We have an 07 AWD element and we get around 21 mpg city, we see around 26 on our long interstate trips which is much better than a 'normal' SUV. The big advantage is the flexibility of locking the bikes in the vehicle when we (me and the wife) are travelling. We have a 4 bike bumper hitch for hauling friends and bikes. It's easy to clean and pretty comfortable on long trips although it is a little noisy (turn up the tunes). All in all I think it is about the best bike hauler for our uses. There is a reason they are popular with cyclists.


----------



## Rufudufus (Apr 27, 2004)

Just took my 07 AWD 5-speed on a 3000 mile road trip, got about 25 mpg on the highway. Coming back on the Oregon coast there were high wind advisories, but they didn't affect the Element as much as I feared. Did keep both hands on the wheel most of the time, and a couple gusts pushed the car pretty hard, but it never got scary. 

I had to take some evasive maneuvers at 70 mph to avoid a rabbit sitting in the road, and I was impressed with how it handled for such a tall vehicle, felt very stable.
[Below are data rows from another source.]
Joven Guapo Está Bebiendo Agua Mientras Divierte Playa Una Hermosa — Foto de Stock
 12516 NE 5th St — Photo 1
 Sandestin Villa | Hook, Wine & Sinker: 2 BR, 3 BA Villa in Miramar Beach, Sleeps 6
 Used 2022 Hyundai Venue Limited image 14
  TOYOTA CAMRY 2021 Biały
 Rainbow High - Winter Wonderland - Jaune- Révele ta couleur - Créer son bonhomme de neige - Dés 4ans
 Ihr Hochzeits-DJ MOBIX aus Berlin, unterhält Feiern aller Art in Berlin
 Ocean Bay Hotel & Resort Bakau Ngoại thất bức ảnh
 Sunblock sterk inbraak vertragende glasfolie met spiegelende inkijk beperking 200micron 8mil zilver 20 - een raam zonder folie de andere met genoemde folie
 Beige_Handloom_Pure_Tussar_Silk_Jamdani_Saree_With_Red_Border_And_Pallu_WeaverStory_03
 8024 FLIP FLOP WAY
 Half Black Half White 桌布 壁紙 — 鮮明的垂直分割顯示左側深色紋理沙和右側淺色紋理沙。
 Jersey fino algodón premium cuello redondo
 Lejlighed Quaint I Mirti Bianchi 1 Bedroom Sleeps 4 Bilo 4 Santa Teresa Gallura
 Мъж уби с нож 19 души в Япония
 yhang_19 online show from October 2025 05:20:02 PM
Did OK in the snow too.

One area where the AWD really shines is driving up ramps. I wanted to put apply some undercoating (20 bucks for me to do it vs. $500 for the dealer), and I've never had a vehicle that climbed up ramps so easily. Getting my 2WD cars up those ramps was always an ordeal. Course, since it's a Honda, I don't expect I'll need the ramps again for a long time.

And I love being able to toss my bike in without dropping a wheel or anything. Just take 10 seconds to fold up a seat and you're good to go!


----------



## Rufudufus (Apr 27, 2004)

Not bike related, but did you E owners know that when you set the climate control to Defrost it turns on your air conditioner, and it stays on even if you stop defrosting? Not good for your gas mileage. Here's how to fix it:
http://www.elementownersclub.com/forums/showthread.php?t=17192


----------



## tedsti (Oct 22, 2004)

Rufudufus said:


> Not bike related, but did you E owners know that when you set the climate control to Defrost it turns on your air conditioner, and it stays on even if you stop defrosting?


This is true for almost every vehicle.


----------



## jjange68 (Feb 8, 2007)

*Outstanding*

I love my 2006, I am 6'6" and 265, no problems with room. But, she was stolen.............. by my wife, who was driving a 2002 Chevy Tahoe. Since I bike to work and she drives alot more I half-heartedly gave it up. Buy it and enjoy.


----------



## Padre (Jan 6, 2004)

timehoc said:


> The Honda Oddessy is much heavier yet gets 28mpg? What gives?


What???

My 2007 Odyssey got barely 17mpg around town and up to 24 with 90% highway driving.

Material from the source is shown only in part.